10. The Louie Belson and Pearl Bailey Love Story (1952)
Louie Belson was an Italian jazz drummer, arranger, bandleader, composer, and a jazz educator while Pearl Bailey was an American singer and actress. Their paths met when a trombone player introduced them to each other, then a 4-day courtship transpired and they have decided to be married in London. It was a third marriage for Bailey and first for Belson.
Their love story had been controversial because of the so-called “alien abduction” that transpired to them that took place in 1961. Some believed that they did experience this kind of hallucination because they both came from different nations with unique cultures and traditions. Their story was filmed in a television movie in 1975.
8. The Composer and Pianist Blended Together (1899)
Samuel Coleridge-Taylor was born and raised in Holborn, London although his father is an African while Jessie Walmisley was his high school classmate. His wife was a pianist while he became a celebrated composer in Britain. Jessie’s family was in great opposition with their interracial marriage even on the day they tied the knot. They still expressed their disapproval but later on accepted it after the marriage pushed through.
7. The Unforbidden Love of May Britt and Sammy Davis Jr. (1960)
Their love was forbidden in a sense that a law has existed that time that interracial marriages were not allowed. May Britt was a born Sweden actor while Sammy Davis Jr. was an American entertainer. Even at the peak of their engagement, white people were booing him after they made an announcement publicly of their coming wedding. Nonetheless, their love ended on a divorce after Sammy had an affair with Lola Falana.
6. An Actress Met a Journalist (1928)
George Schuyler was a known black journalist from Africa who fell in love to a model, dancer and a Texan heiress Josephine Lewis Cogdell. They met through correspondence that started when Josephine Cogdell became interested to radical politics and ideas that Schuyler published.

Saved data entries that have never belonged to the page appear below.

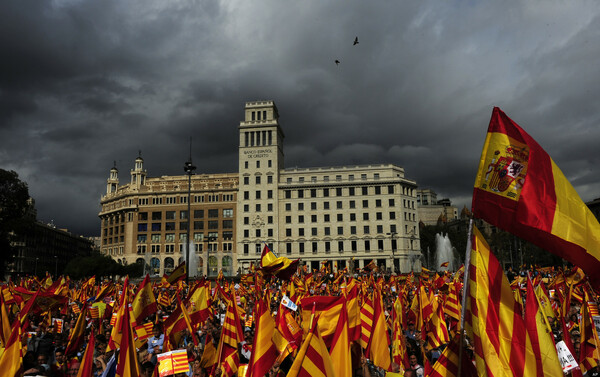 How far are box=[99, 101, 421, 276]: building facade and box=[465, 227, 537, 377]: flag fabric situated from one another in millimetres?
69696

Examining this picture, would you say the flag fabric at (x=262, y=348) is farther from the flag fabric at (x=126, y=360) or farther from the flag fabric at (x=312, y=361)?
the flag fabric at (x=126, y=360)

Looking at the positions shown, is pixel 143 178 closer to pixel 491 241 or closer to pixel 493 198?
pixel 491 241

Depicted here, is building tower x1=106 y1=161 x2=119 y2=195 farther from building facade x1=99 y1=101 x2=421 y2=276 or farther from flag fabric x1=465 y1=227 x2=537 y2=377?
flag fabric x1=465 y1=227 x2=537 y2=377

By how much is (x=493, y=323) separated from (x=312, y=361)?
216 cm

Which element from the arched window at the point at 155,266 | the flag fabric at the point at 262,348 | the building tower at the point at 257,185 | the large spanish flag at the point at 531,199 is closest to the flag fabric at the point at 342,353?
the flag fabric at the point at 262,348

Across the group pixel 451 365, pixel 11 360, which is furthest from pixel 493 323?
pixel 11 360

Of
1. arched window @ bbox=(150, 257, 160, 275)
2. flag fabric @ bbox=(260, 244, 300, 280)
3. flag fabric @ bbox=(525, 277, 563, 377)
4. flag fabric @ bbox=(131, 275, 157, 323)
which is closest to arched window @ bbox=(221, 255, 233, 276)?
arched window @ bbox=(150, 257, 160, 275)

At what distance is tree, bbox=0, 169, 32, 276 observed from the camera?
4475 centimetres

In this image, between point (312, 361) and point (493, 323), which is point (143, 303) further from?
point (493, 323)

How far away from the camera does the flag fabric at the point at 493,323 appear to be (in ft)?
16.1

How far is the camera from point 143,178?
98.1 m

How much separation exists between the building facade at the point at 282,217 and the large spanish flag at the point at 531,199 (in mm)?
69995

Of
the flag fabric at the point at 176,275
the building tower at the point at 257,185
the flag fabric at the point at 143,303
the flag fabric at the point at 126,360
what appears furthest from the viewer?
the building tower at the point at 257,185

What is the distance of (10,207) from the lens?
45438 millimetres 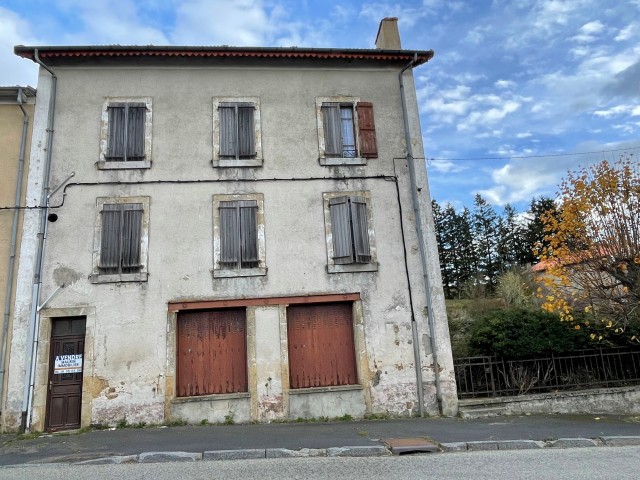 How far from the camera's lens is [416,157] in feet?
37.6

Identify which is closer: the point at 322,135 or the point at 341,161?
the point at 341,161

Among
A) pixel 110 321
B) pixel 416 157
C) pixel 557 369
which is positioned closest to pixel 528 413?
pixel 557 369

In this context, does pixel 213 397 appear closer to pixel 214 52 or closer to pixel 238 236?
pixel 238 236

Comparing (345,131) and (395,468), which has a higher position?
(345,131)

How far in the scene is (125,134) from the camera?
10.9 m

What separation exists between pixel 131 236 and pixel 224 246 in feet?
6.99

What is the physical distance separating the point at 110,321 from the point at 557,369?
10740 mm

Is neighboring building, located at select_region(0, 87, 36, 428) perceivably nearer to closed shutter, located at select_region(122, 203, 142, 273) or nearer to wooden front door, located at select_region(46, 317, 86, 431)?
wooden front door, located at select_region(46, 317, 86, 431)

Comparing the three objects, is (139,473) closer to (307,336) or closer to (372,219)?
(307,336)

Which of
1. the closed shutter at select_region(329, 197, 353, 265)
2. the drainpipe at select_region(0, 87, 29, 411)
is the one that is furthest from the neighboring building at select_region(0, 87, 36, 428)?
the closed shutter at select_region(329, 197, 353, 265)

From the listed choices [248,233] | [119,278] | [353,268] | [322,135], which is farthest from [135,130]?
[353,268]

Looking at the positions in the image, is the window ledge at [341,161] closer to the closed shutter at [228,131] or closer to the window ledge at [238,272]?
the closed shutter at [228,131]

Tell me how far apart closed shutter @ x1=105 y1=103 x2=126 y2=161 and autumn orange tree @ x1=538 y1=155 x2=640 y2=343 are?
1111 centimetres

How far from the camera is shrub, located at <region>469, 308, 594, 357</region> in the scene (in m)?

5. Three Wives of Jack Johnson (1925)
Jack Johnson was a popular American boxer who had received boxing titles including the first African American world heavyweight-boxing champion. He married thrice with three whites Etta Terry Duryea, Lucille Cameron, and Irene Pineau. Among the three, he loved Irene truly where he devoted his life to her.
4. The Reformer’s New Love (1884)
An American statesman, social reformer, and writer named Frederick Douglass married Anna Murray in 1838 who was an American African woman and later on married Helen Pitts who was a known American suffragist. The parents of Helen Pitts were opposing the marriage because Mr. Douglas’ parents were of mixed ancestry. His mother came from a black race while his father was in a white race.

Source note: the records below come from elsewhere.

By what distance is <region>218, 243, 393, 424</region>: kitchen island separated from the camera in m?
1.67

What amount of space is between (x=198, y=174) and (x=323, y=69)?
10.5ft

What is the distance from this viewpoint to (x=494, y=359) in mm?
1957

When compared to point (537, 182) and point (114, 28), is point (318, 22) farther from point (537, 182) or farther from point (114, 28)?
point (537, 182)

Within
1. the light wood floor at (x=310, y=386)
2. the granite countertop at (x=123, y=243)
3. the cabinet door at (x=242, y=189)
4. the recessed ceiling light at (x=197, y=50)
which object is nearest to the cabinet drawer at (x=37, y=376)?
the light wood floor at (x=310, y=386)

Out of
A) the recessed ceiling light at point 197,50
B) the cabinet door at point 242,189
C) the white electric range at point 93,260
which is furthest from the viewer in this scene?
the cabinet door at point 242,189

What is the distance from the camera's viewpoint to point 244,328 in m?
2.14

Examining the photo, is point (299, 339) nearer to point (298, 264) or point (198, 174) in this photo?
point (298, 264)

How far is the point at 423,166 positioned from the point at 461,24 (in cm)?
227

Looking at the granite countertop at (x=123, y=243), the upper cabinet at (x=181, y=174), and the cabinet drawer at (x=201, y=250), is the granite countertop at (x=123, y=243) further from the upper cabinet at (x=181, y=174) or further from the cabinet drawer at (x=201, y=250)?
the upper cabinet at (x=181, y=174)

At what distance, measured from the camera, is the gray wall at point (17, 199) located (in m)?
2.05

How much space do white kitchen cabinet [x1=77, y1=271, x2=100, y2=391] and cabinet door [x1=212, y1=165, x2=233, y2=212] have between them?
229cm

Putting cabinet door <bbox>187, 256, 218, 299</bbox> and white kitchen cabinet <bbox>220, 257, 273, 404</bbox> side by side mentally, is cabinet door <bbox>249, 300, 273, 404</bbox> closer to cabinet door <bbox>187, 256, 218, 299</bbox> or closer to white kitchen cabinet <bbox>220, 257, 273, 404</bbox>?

3. An Engineer Met His Future Wife (1908)
Joseph Philippe Lemercier Laroche was born and raised in Haiti and met his wife Juliette Lafargue while studying engineering in Beauvais, France. After receiving his degree in Engineering, they have both decided to be married. Due to strong opposition in interracial marriage that time, he and his wife received mockery from the people in France, even when they got aboard to Titanic where Joseph Laroche died.

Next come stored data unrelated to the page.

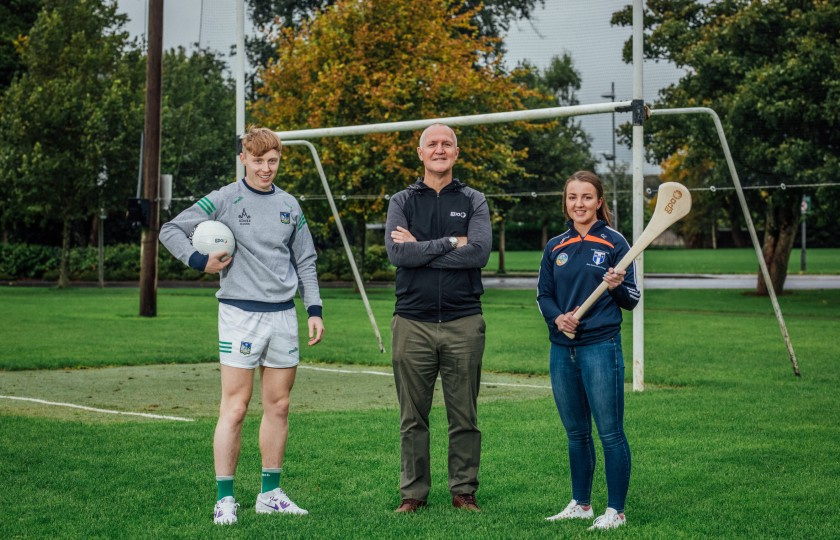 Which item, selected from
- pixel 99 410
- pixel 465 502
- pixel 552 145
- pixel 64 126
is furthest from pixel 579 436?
pixel 64 126

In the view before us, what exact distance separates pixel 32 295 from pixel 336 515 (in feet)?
84.9

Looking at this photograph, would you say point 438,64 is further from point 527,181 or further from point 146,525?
point 146,525

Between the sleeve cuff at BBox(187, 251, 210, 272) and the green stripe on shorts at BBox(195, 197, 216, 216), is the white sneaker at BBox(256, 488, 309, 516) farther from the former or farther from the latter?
the green stripe on shorts at BBox(195, 197, 216, 216)

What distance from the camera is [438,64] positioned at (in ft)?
91.4

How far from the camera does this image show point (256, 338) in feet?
17.4

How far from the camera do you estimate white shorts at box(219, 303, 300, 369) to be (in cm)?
528

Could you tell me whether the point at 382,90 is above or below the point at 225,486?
above

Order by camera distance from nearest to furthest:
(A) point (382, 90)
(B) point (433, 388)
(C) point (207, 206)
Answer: (C) point (207, 206), (B) point (433, 388), (A) point (382, 90)

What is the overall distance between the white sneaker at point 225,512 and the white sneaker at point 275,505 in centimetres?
19

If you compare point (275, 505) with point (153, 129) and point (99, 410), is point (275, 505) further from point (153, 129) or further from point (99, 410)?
point (153, 129)

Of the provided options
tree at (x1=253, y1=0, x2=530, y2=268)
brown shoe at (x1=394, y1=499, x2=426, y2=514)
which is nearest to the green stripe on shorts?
brown shoe at (x1=394, y1=499, x2=426, y2=514)

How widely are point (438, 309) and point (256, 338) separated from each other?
0.94 meters

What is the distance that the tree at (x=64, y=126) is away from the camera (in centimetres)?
3077

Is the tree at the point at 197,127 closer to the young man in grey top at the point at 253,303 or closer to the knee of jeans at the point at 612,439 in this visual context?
the young man in grey top at the point at 253,303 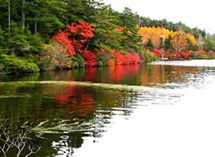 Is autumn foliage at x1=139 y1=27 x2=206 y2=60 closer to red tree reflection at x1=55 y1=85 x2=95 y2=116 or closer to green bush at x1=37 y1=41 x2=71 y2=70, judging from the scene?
green bush at x1=37 y1=41 x2=71 y2=70

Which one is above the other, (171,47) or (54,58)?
(171,47)

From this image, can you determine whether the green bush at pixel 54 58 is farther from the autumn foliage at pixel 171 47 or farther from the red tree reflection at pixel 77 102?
the autumn foliage at pixel 171 47

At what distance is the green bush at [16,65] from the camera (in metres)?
26.1

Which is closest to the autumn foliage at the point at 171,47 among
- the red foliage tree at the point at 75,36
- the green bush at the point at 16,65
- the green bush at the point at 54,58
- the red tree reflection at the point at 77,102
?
the red foliage tree at the point at 75,36

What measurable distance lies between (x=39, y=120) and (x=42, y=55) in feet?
73.7

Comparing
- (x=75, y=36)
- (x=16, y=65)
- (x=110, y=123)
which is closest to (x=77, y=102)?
(x=110, y=123)

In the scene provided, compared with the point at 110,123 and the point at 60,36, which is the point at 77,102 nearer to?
the point at 110,123

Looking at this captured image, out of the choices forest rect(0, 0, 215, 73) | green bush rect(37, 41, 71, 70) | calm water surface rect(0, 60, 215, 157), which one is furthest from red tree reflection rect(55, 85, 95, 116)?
green bush rect(37, 41, 71, 70)

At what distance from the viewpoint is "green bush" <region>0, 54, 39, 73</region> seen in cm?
2615

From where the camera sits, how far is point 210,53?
323 feet

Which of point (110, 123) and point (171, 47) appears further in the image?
point (171, 47)

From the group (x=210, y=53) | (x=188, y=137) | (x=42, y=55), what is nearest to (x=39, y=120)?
(x=188, y=137)

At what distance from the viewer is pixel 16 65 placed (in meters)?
26.8

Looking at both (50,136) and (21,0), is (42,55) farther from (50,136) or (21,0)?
(50,136) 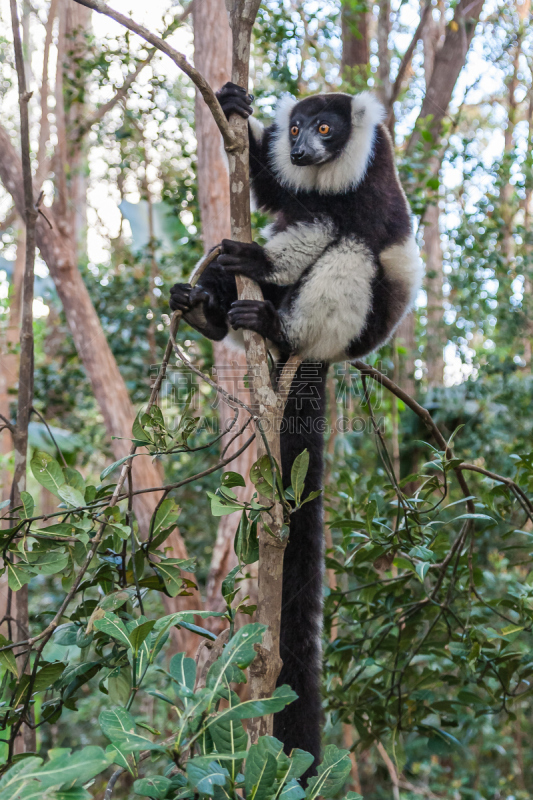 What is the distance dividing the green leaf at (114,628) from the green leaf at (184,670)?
0.09 meters

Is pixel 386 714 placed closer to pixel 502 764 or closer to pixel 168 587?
pixel 168 587

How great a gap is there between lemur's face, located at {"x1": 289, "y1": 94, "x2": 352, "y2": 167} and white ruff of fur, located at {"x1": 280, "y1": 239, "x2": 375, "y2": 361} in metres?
0.52

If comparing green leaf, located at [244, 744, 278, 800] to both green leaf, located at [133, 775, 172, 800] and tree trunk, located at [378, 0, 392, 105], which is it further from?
tree trunk, located at [378, 0, 392, 105]

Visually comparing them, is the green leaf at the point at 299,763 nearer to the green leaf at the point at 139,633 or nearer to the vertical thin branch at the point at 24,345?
the green leaf at the point at 139,633

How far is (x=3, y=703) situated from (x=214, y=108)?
1468 millimetres

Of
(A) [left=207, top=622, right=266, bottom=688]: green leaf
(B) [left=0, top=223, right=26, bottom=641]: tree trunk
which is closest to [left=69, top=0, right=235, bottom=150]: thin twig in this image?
(A) [left=207, top=622, right=266, bottom=688]: green leaf

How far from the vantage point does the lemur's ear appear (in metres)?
3.10

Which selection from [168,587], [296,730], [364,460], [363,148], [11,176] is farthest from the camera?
[364,460]

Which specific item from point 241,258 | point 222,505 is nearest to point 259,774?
point 222,505

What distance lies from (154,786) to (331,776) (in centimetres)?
34

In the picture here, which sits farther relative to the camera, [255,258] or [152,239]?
[152,239]

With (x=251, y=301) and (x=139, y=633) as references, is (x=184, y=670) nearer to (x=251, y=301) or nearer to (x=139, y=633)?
(x=139, y=633)

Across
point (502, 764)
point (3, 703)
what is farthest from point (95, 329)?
point (502, 764)

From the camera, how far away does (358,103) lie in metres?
3.15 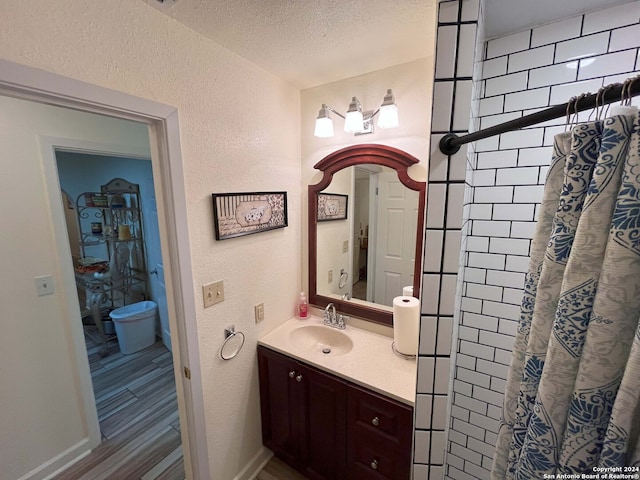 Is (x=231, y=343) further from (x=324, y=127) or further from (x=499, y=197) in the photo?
(x=499, y=197)

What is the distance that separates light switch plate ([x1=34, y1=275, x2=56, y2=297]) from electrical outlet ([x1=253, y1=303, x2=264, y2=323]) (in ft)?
3.96

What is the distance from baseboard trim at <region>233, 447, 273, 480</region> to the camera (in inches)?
60.9

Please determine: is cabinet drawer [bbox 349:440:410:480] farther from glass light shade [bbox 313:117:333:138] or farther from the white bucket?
the white bucket

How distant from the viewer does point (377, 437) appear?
120 cm

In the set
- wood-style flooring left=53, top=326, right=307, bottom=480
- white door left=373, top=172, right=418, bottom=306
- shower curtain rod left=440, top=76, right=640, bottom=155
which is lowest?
wood-style flooring left=53, top=326, right=307, bottom=480

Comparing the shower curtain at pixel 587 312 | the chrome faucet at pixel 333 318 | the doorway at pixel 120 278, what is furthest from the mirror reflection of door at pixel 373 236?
the doorway at pixel 120 278

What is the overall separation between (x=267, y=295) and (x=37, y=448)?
1598mm

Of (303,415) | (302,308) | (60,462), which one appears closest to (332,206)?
(302,308)

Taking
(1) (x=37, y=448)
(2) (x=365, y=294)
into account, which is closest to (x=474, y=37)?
(2) (x=365, y=294)

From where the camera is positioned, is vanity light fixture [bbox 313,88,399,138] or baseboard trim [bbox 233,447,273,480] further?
baseboard trim [bbox 233,447,273,480]

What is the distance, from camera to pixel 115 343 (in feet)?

2. Dancing With the Rhythm of Jazz (1948)
Sir Seretse Khama came from the most powerful royal family in Botswana but married an English Clerk from London by the name of Ruth Williams. Everything began when Mr. Khama was studying for his bar examination where he met his wife. They shared the same passion in jazz but people opposed to it especially that Botswana that time was considered to be the poorest country in the world.
1. The Controversial Marriage of Mildred Jeter and Richard Loving 1958)
Their marriage had been controversial because of the fact that they were minors and under the United States laws, they were prohibiting interracial marriages. They were sentenced to serve 1-year imprisonment because Mildred had an African-American descent while Richard had a European blood. Nonetheless, their love and marriage was allowed by the U.S. Supreme Court in 1967.